How to Greet a Guest

by Josh Wester

Every church wants to grow. And more than that, every church wants to think of themselves as being welcoming and hospitable. This is why some churches go to great lengths to cater to guests and new visitors attending their worship services. It’s why churches provide things like food or gifts for first time guests and dedicate ample signage and even entire ministry teams to make visitors have a positive experience. Many of these things are wonderful and can certainly go a long way toward making someone new feel welcome, but even so, there is one essential element of making guests feel welcome that no amount of gifts or extra steps can replace: a friendly congregation.

A lot of churches struggle with hospitality. That shouldn’t really be surprising because it’s not something we spend much time talking about in the first place, especially not in practical ways with the whole church. But engaging new people is important, and it doesn’t need to be intimidating. So, I thought I would offer a few practical pieces of advice that I’ve picked up along the way to help you engage the new folks attending worship gatherings at Redemption City.

Wanted, Not Pressured
This is a first principle for us. Each time someone new walks in the door, we always want to make two things abundantly clear: (1) we are incredibly glad they are here, and (2) we don’t want them to feel any pressure. This is why we try to make sure that new folks know where to go to drop off their kids, or grab coffee, or visit the restroom, or join the worship service, by providing clear signage to point the way. But this idea—for our guests to feel wanted, not pressured—is best communicated by our attitude in the way that we greet them. We want to express our joy and gratitude that they have joined us on this particular Sunday, without trying to sign them up for membership or asking them to give financially. We want to express that they are free to hang around and welcome to come back, without pressing them to serve or show up at small group or Bible study.

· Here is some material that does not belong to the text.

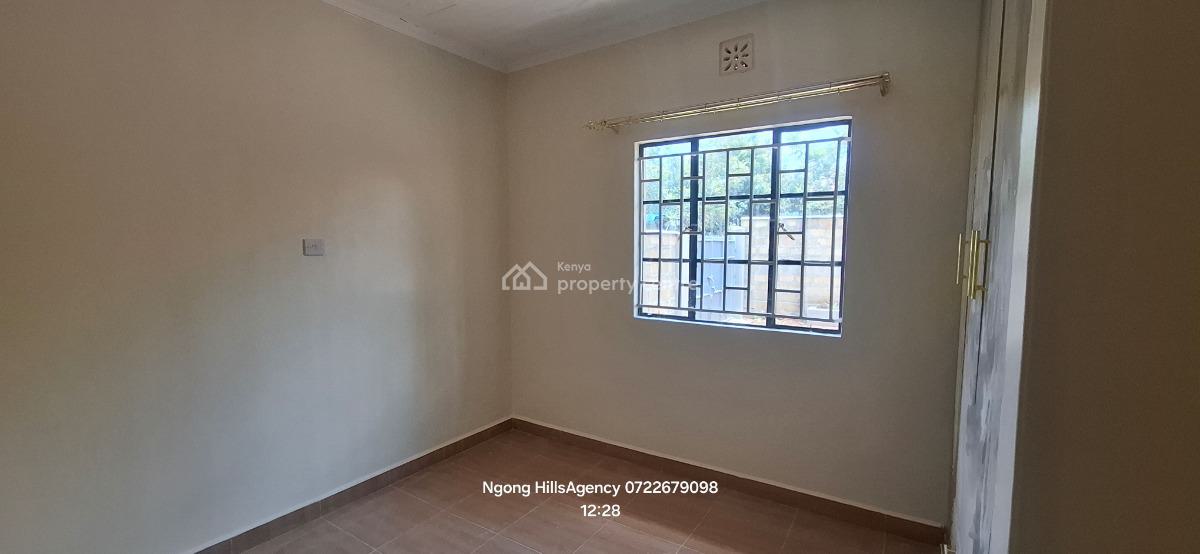 Spacious and Serene 3-bedroom Bungalow  in Kibiko, Ngong, Kibiko, Ngong, Kajiado, Detached Bungalow for Rent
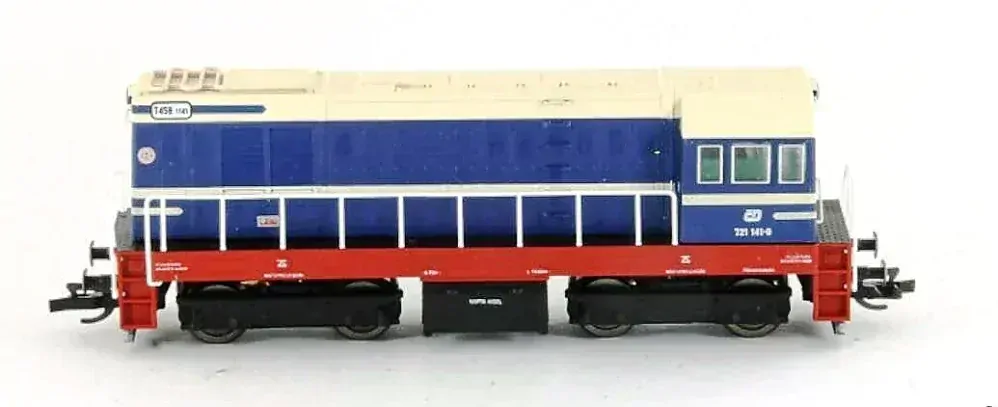 721 141 ČD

We offer invitations to take next steps, but we do this without creating obligations or asking for commitments from those who have just recently decided to visit our church.

Who do I look for?
If you want to be more hospitable, you might be asking, “How do I know who to look for?” First, you are obviously free to greet everyone. But as you are thinking about who to focus on, one of the best tips I’ve ever heard is that you should look for people whose names you do not know. Sunday mornings are filled with familiar faces—and this is great because we want our church gatherings to feel like family reunions—but you should always be mindful of people who aren’t familiar to you. As you notice new faces, make it a point to engage those people. If you don’t know his or her name, or you notice them trying to find their way around, go over and introduce yourself.

What do I say?
I’m convinced that the biggest reason a lot of folks fail to greet those that they don’t know is simply a lack of confidence about how to start the conversation. To help you out, I’m going to offer a few simple statements you can use to start these conversations:

1) What is your name?
It’s always safe to ask someone’s name. (Pro tip: Be sure to listen to the answer.)

2) How long have you been coming to Redemption City?
This is a better question than “is this your first time here?” because framing the question this way leaves room for either answer without making things awkward. If it is their first time, they will feel free to tell you. If not, they can tell you how long they have been attending without either of you feeling bad that you haven’t had the chance to meet. (Pro tip: if they are new, or it is their first time, you can follow up by asking how they heard about our church.)

3) Have you had the chance to check out one of our small groups?
If this is their first visit, the answer is obviously no, but this is usually still a great opportunity to invite them to check out a group. If they have been attending, but haven’t joined a small group, invite them to your group! Or, if you know of a group that might be a better fit, try to introduce them to the group leader or someone else from the group you would suggest. (Pro tip: feel free to walk them to the groups table, or go grab a group info card yourself, circle the group you are recommending, and hand the card over to them.)

What next?
That’s it. When it comes to greeting guests, you shouldn’t feel pressure either. Beyond the three steps above, the only other thing I regularly try to do is introduce the new folks I meet to others from Redemption City. Again, the goal is to make them feel welcome and make them feel wanted. Your goal is just to greet them, let them know you’re glad they came, and point them in the direction of a next step without asking for a commitment. It really is that simple and easy.
I think our church is great, and I want our church to grow. Your effort to be intentional about making new folks feel welcome is an important part of seeing that happen. What we are chasing isn’t numbers, but gospel fruit. We want to see Jesus work in the hearts and lives of as many people as possible, and welcoming those who join us is a crucial first step.